Assume an equity fund sample shows returns negatively correlated with the S&P 500.

Are we more inclined to say that a) these funds are invested outside the S&P 500, perhaps non-US stocks; b) these funds have selected stocks belonging to the S&P 500, but substantially uncorrelated with the index?

Update

I give a quantitative context for the problem above.

Let $R_{it}$, $M_t$ be resp. the $i$-th fund, and the index return in $t$. Let $s_i$ be the total wealth of the $i$-th fund invested in stocks belonging to the index. Therefore, $\bar{s}_i=1- s_i$ identifies portfolio assets not belonging to the index.

Consider the linear model:

$$R_{it} = \alpha_i + \beta_iM_t + e_{it}$$

For a large sample of funds, if $\beta_i$ are consistently and significantly negative, can we say that $\bar{s}_i$ is large, that is, on average funds' wealth is not invested in the S&P index?

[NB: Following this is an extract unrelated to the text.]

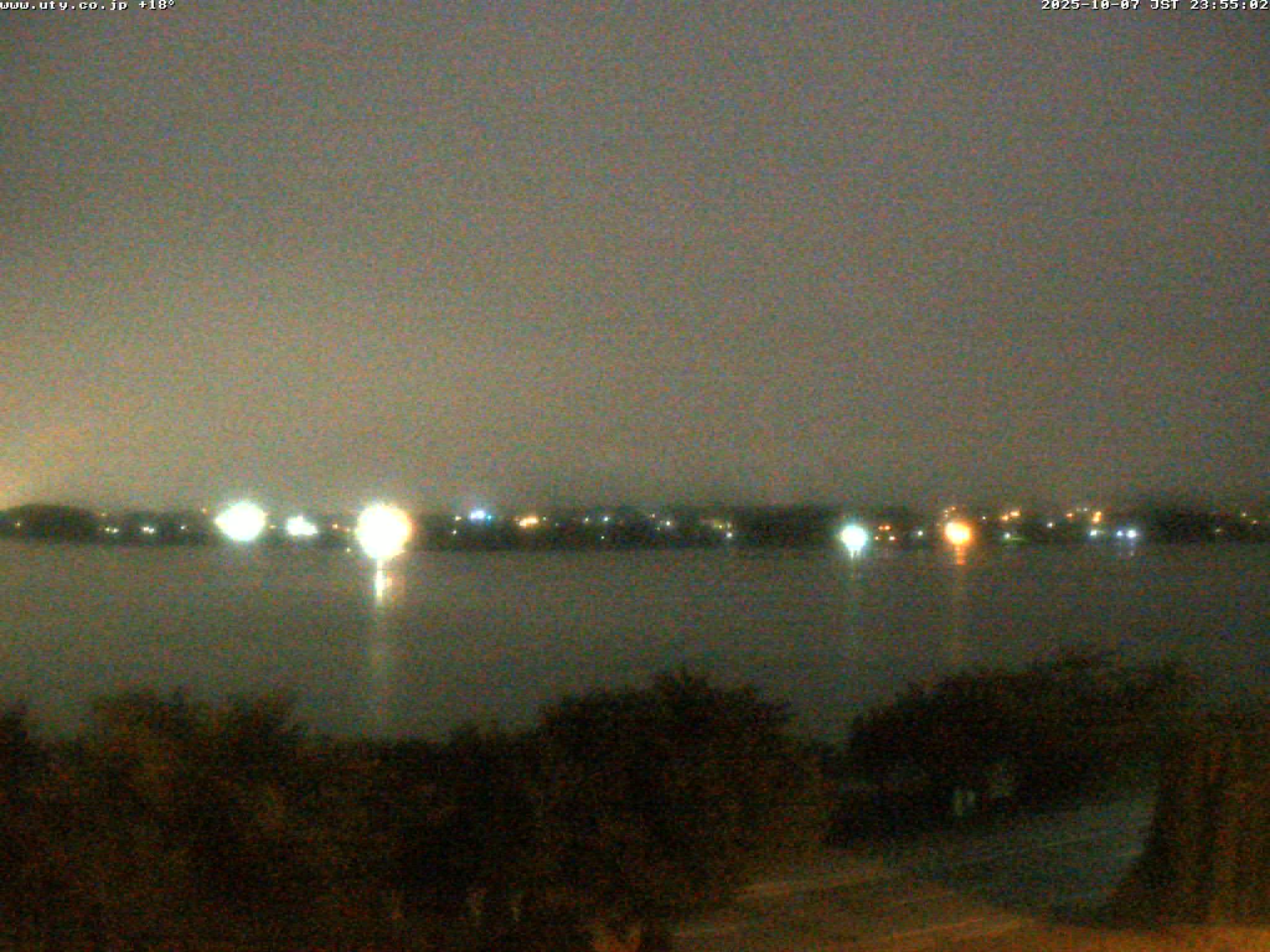 河口湖ライブカメラ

When you say "an equity fund sample shows returns negatively correlated with the S&P 500". So if I assume that the benchmark (S & P 500 in your case) to measure the performance of the returns is correct and it is negatively correlated, then it may be because the fund has the inverse positions as that of S & P 500. For example it might be possible that the 10 stocks which are there in the fund as long positions are there in the S & P 500 as short positions which will depict a negative correlation.